It is still hard for many of us to believe that Seamus Heaney is no longer with us; that this link in our chain of language has been broken. The scale of public mourning following his death confirmed him as not just our most beloved poet but our exemplary one. The warmth that radiated from his presence will now be absent from those occasions when poetry is celebrated.
There was such sturdiness and steadfastness in his character that we came to see him as a kind of invincible life-force in poetry: a pillar to himself and to his trade, as he says of the “solid man” in “Crossings”. Invincibility is not given to any of us of course, but at least it can be said that he was a revitalising force in Irish poetry – a rigorous and ebullient one in his command of the language.
Those qualities are of course also the unshakeable hallmarks of the poetry he has left us, work that conforms to what Auden demanded of poetry, that it “must praise all that it can for being and for happening”. He answered that call to praise – and to scrutinise, elegise, eulogise, memorialise, express love – with a copious eloquence of language and an awesome ability to renew its lyric power, a gift that remained right up to the grace notes of his last collection with its sense of time passing.

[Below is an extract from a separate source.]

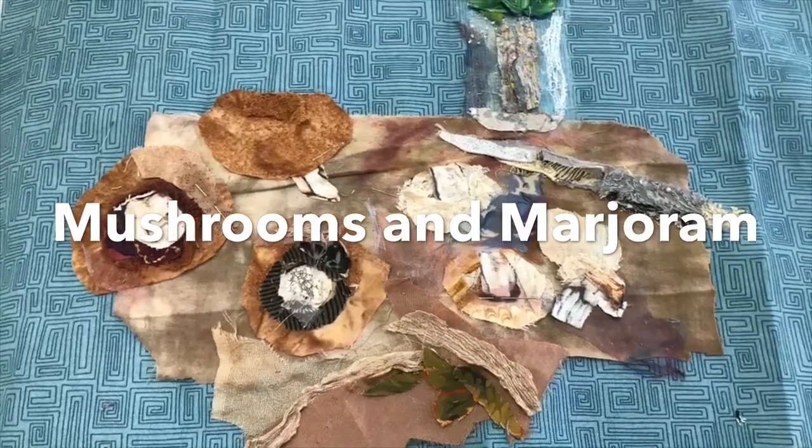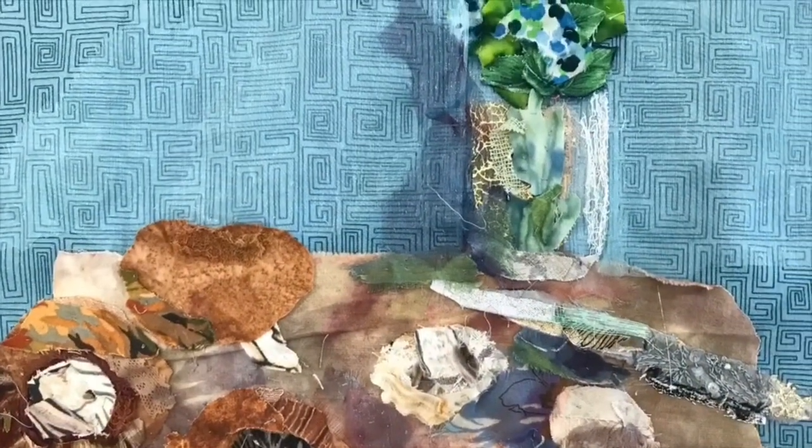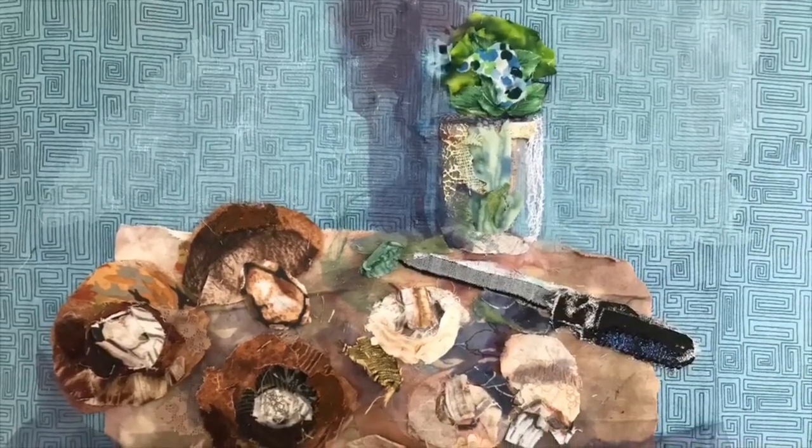Hello, I'm Barbara Shaw and this is a still life picture of mushrooms and marjoram. You can see how the picture has gradually built up and I've changed the shadows because they were much too dark.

From its beginning, and since that resounding declaration of intent in Digging, the opening poem of his debut collection, the work has deepened in its ethical quest to find the right word, the perfect pitch. In both form and content, there is a Shakespearean amplitude to his body of work. In a tribute to Czeslaw Milosz, he once declared that what distinguished the Polish poet was “the abundance and spontaneity of the work, his at-homeness in so many different genres and landscapes”.
There is abundance in Heaney too, and that at-homeness is at the core of his poetry: an at-homeness in what he called “the heartland of the ordinary”, as well as in his “republic of conscience”; an at-homenesswith the blacksmith and the thatcher as much as with a fellow laureate or a monarch. As celebrant of the ordinary, he was “obedient to the demands of memory”, knowing that it is the place where the true treasures are kept. Like Kavangh he knew that loved places are important places and that to remain earthed in them, in memory and imagination, is a “method of getting at life”.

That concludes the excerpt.